→ What the exercise asks
Word for word, output the data, with none of its pictures.

→ Supplied information
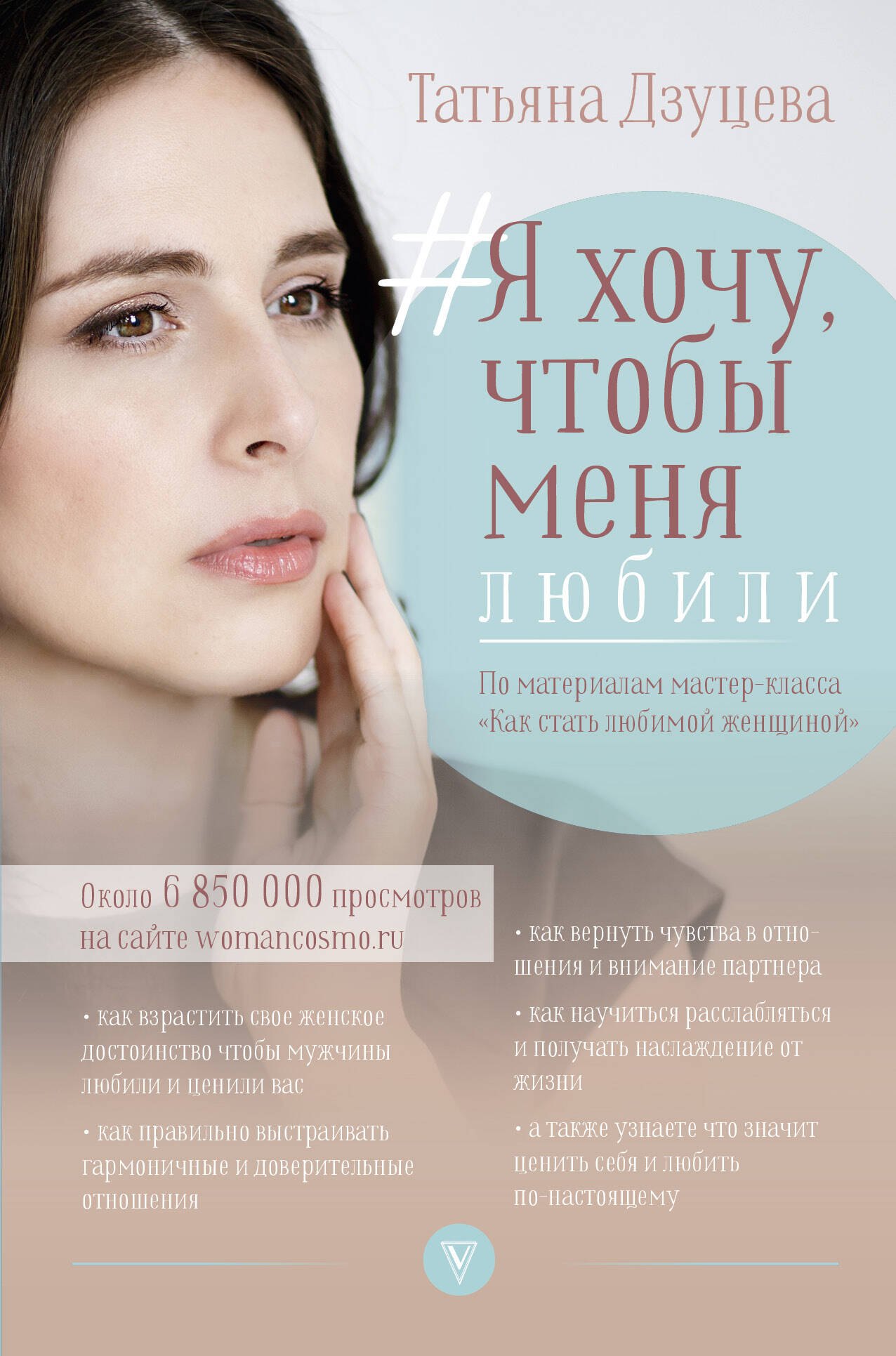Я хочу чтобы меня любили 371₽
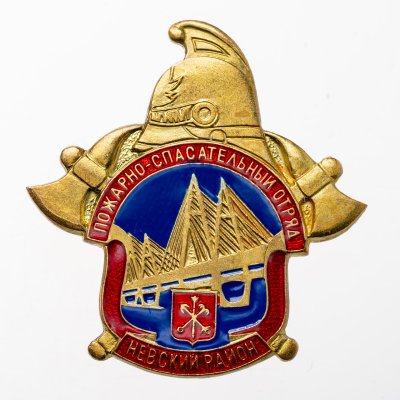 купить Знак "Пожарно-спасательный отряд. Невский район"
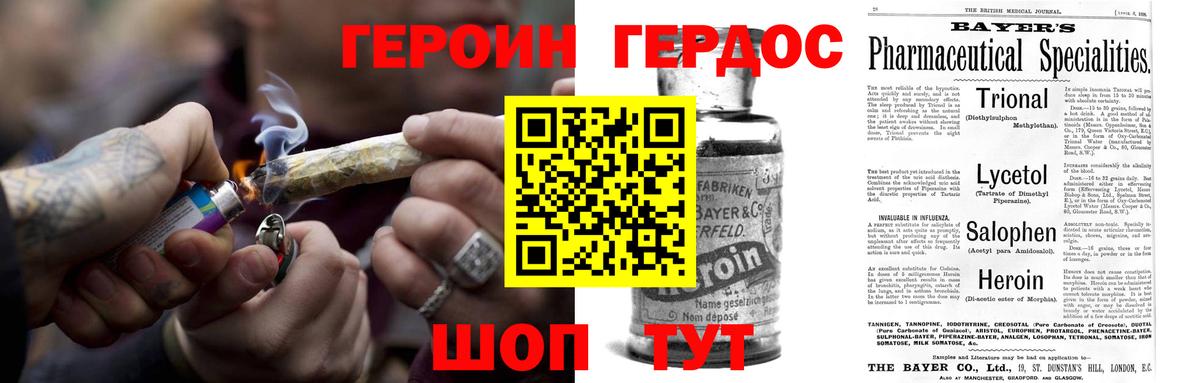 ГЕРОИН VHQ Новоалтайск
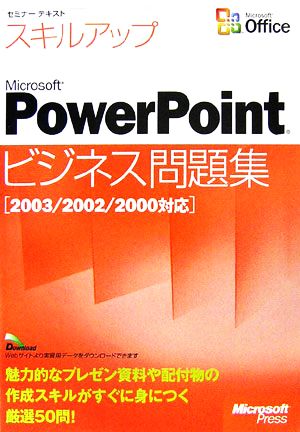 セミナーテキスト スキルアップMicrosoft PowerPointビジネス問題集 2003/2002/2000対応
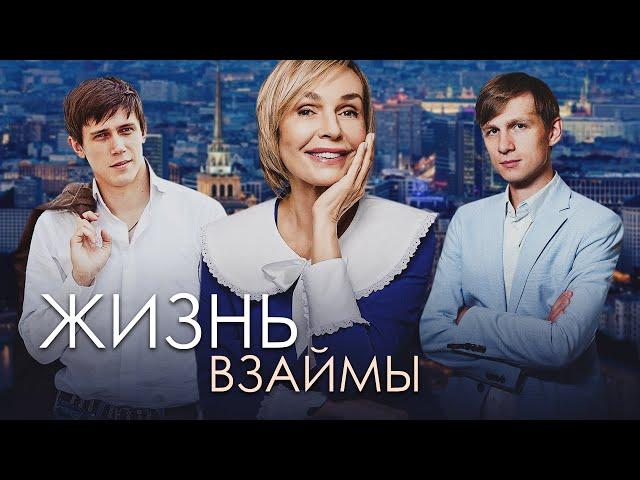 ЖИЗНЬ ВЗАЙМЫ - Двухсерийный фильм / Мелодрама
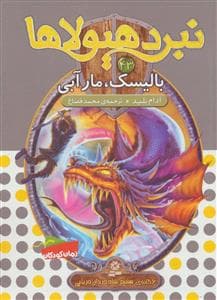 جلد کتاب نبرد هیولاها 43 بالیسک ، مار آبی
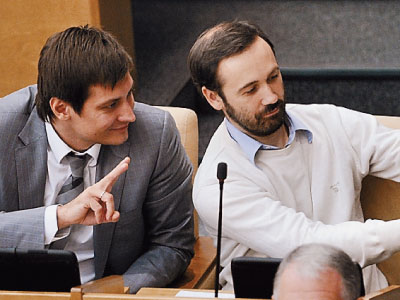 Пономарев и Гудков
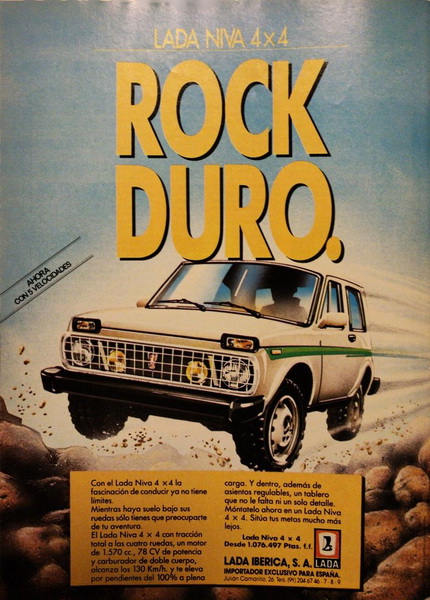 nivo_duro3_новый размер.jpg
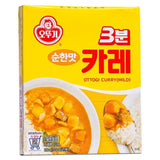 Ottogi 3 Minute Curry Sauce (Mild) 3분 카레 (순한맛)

→ Answer to the exercise
Я хочу чтобы меня любили 371₽
 купить Знак "Пожарно-спасательный отряд. Невский район"
 ГЕРОИН VHQ Новоалтайск
 セミナーテキスト スキルアップMicrosoft PowerPointビジネス問題集 2003/2002/2000対応
 ЖИЗНЬ ВЗАЙМЫ - Двухсерийный фильм / Мелодрама
 جلد کتاب نبرد هیولاها 43 بالیسک ، مار آبی
 Пономарев и Гудков
 nivo_duro3_новый размер.jpg
 Ottogi 3 Minute Curry Sauce (Mild) 3분 카레 (순한맛)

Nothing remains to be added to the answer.